As big as the printing press: Alec Ross on the wonders—and dangers—of the web

  • Social media
  • September 3, 2012
  • Esther Goh
As big as the printing press: Alec Ross on the wonders—and dangers—of the web

It is a scientifically proven fact (or will be, once somebody gets around to studying it) that the internet favours extremes. Trolls (like spammers) are inescapable. And as Alec Ross said in his keynote address to the Project Revolution conference last week, moderation and compromise tend to get punished in the process.

Ross, senior advisor for innovation to US Secretary of State Hillary Clinton, knows this all too well.

“Discussions on my Facebook page tend to be more civilised than on Twitter, and I think that’s in part because of the real name policy,” he told Idealog.

This is the aspect of the web that he likes the least, he says, and is an area where he sees room for innovation. Just how do we inject moderation into polarised conversations? Ross doesn’t know, but he hopes somebody will figure it out.

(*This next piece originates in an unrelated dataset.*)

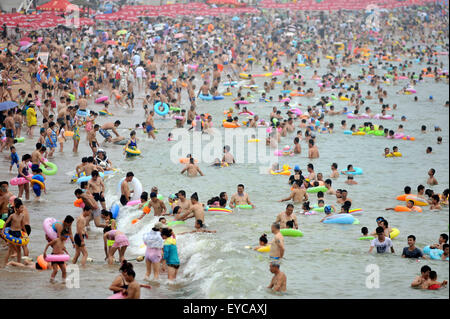 Qingdao, China's Shandong Province. 27th Sep, 2020. Ye Shiwen (C) of ...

In the meantime, sanity suffers on.

Almost as big as the printing press

That said, technology is simply a tool, and not inherently good or evil. Technology has been central to Ross’ career (he started One Economy in 2000, a non-profit bringing technology to low-income people around the world, and after being recruited to the 2008 Obama campaign, was instrumental in its innovative use of social media to mobilise new ranks) and he believes the internet has had the biggest impact of any technology since the printing press.

A question from the audience: Is it disruptive enough to put an end to the nation state as we know it?

Ross acknowledges that the internet “doesn’t respect national lines” and that boundaries are being eroded, but while the ancient concept of state sovereignty has been shaken, it won’t be destroyed, he says.

A baseline of transparency

For decades politicians have largely worked behind closed doors. Today, we expect more from them and in turn, they must tread a fine line between security and accountability.

“There is an implicit tension. The question for me is what is the default setting – is it open or is it closed? What’s important is the default be openness and transparency,” says Ross. “There are necessary security conditions; it’s still necessary for there to be confidential communications between diplomats. I don’t want a webcam streaming everything I do in my office. We’ve tried to move it from transparency being the exception to being the norm. But it’s never 100 to zero. I live in a world of nuance.”

So has he seen a mindset shift within the US government?

Ross is quick to emphasise that he’s not the only one responsible for effecting change.

“Our team at the State Department – I feel like we’re the All Blacks. We’re a good team and it’s not all about one player,” he says. “I do believe we’ve significantly changed the way that people think about foreign policy. I think before, foreign policy was perceived to be just between people sipping coffee at a mahogany table behind closed doors with flags flying in the background, having one-on-one government-to-government communications. I think foreign policy has been wildly opened up and I think we’ve played a meaningful role in that.”